(Short text fragments from websites)
————

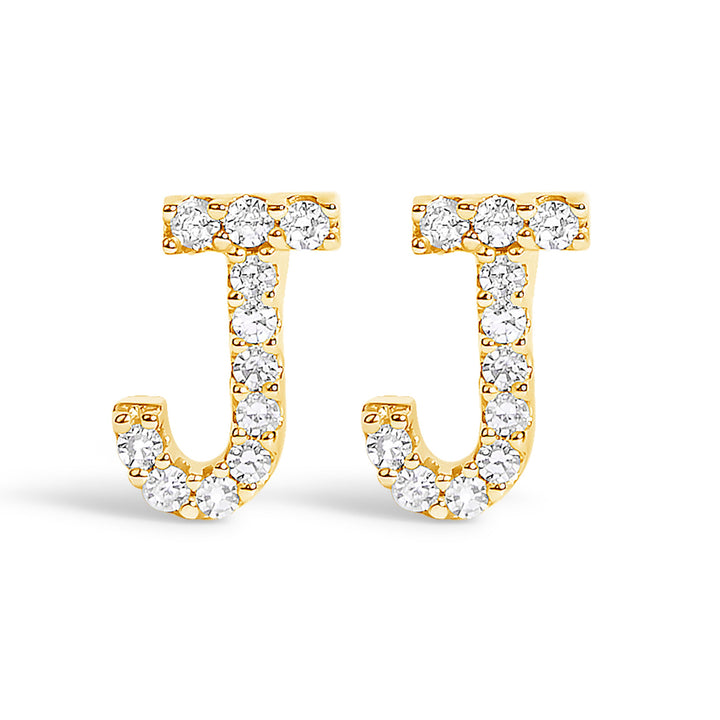 10K White Gold 1/10 Cttw Diamond Initial â€œAâ€ Stud Earring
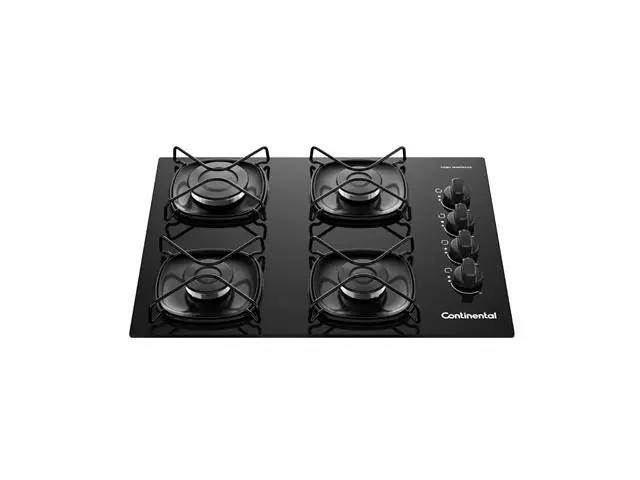 Cooktop Continental 4 Bocas Preto com Mesa de Vidro Bivolt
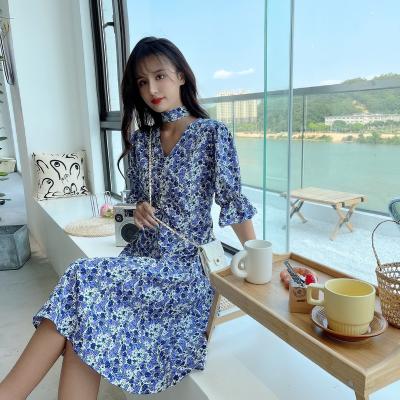 China Summer 2022 anti-static new plus size women's casual dresses floral Midi print a-line skirt for sale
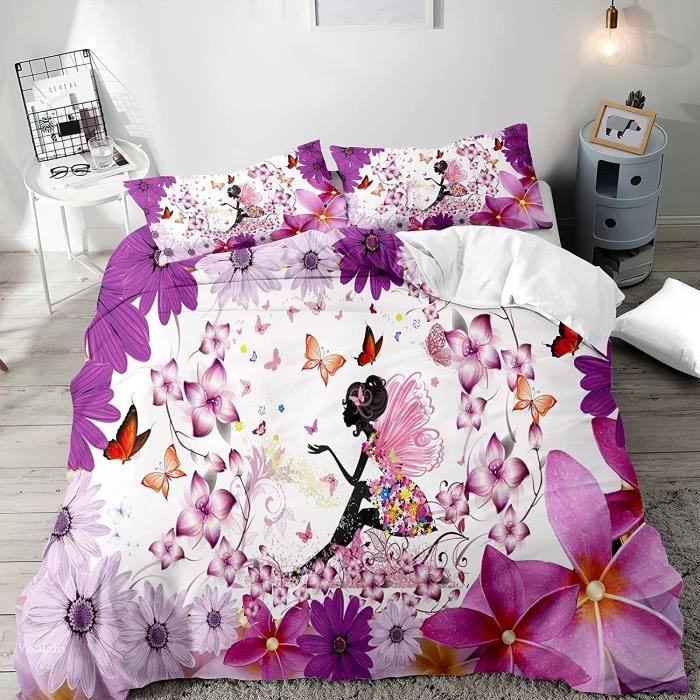 Housse de Couette 200x200 Petite fille fleur violette Imprimee Microfibre Linge de Lit avec 2 x Taie d Oreiller 65x65 cm Cdiscount Maison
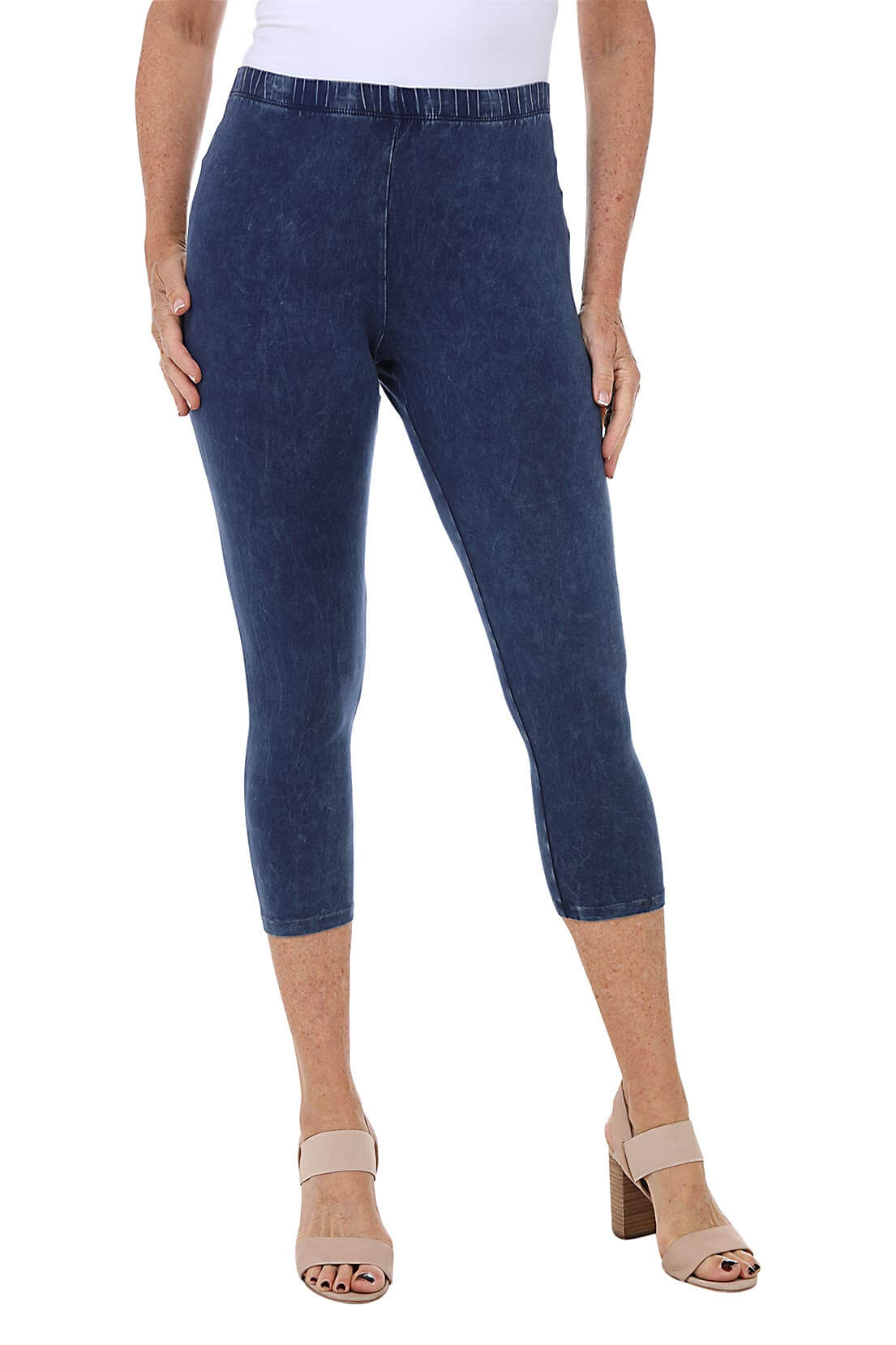 Mineral Wash Capri Leggings for Women - High Waisted Stretchy Yoga Pants - Comfortable Workout & Lounge Wear for Running, Gym, Travel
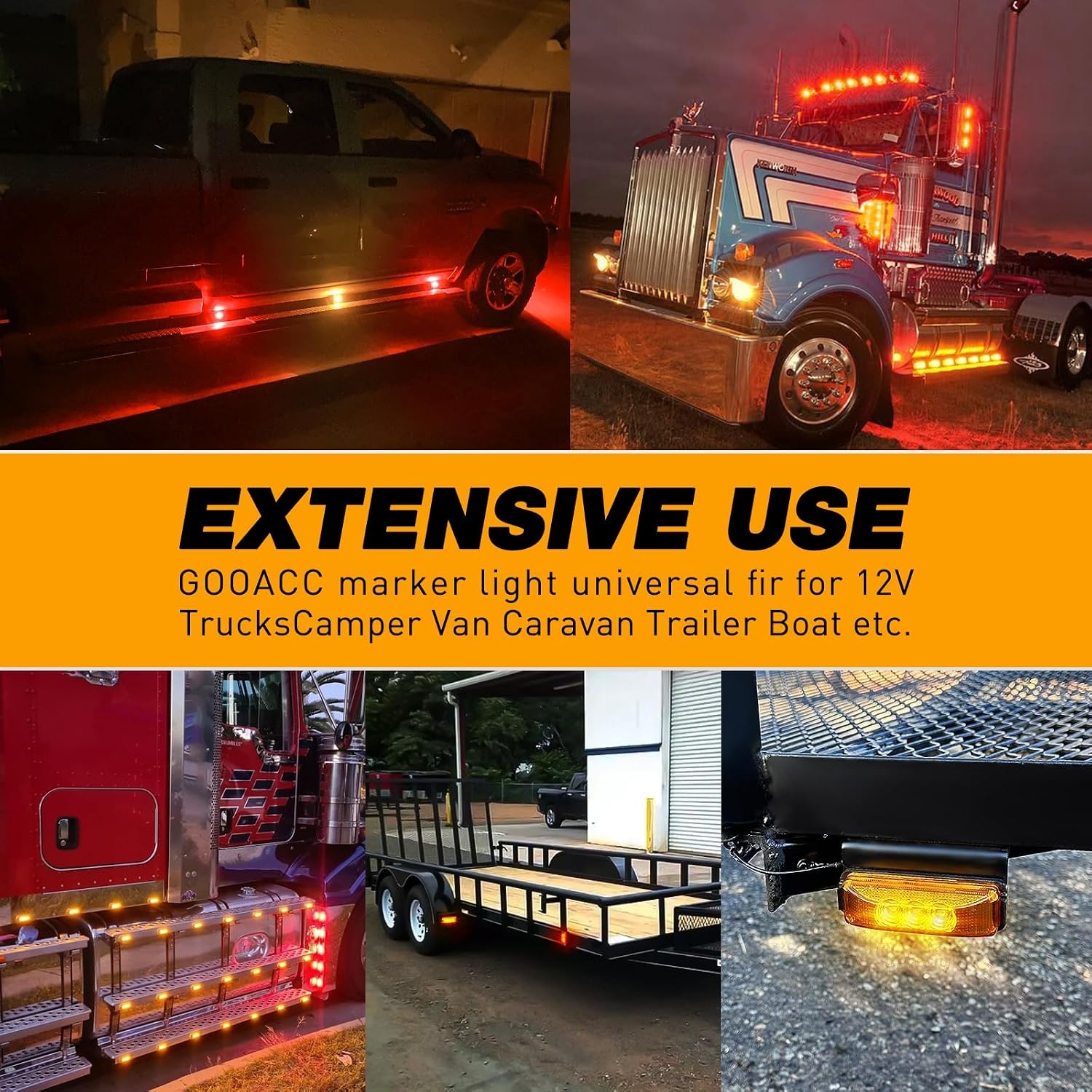 image:imageGOOACC 39Inch Marker Light 10PCS Red Amber 3LEDRedAmber 4Pcs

————

■ **ACTIVITY**
Within the entries above, the lines from the one containing "Housse de Couette" through the one containing "Mineral Wash Capri" are to be transcribed exactly, ends included, pictures excluded.

■ **COMPLETED TASK**
 Housse de Couette 200x200 Petite fille fleur violette Imprimee Microfibre Linge de Lit avec 2 x Taie d Oreiller 65x65 cm Cdiscount Maison
 Mineral Wash Capri Leggings for Women - High Waisted Stretchy Yoga Pants - Comfortable Workout & Lounge Wear for Running, Gym, Travel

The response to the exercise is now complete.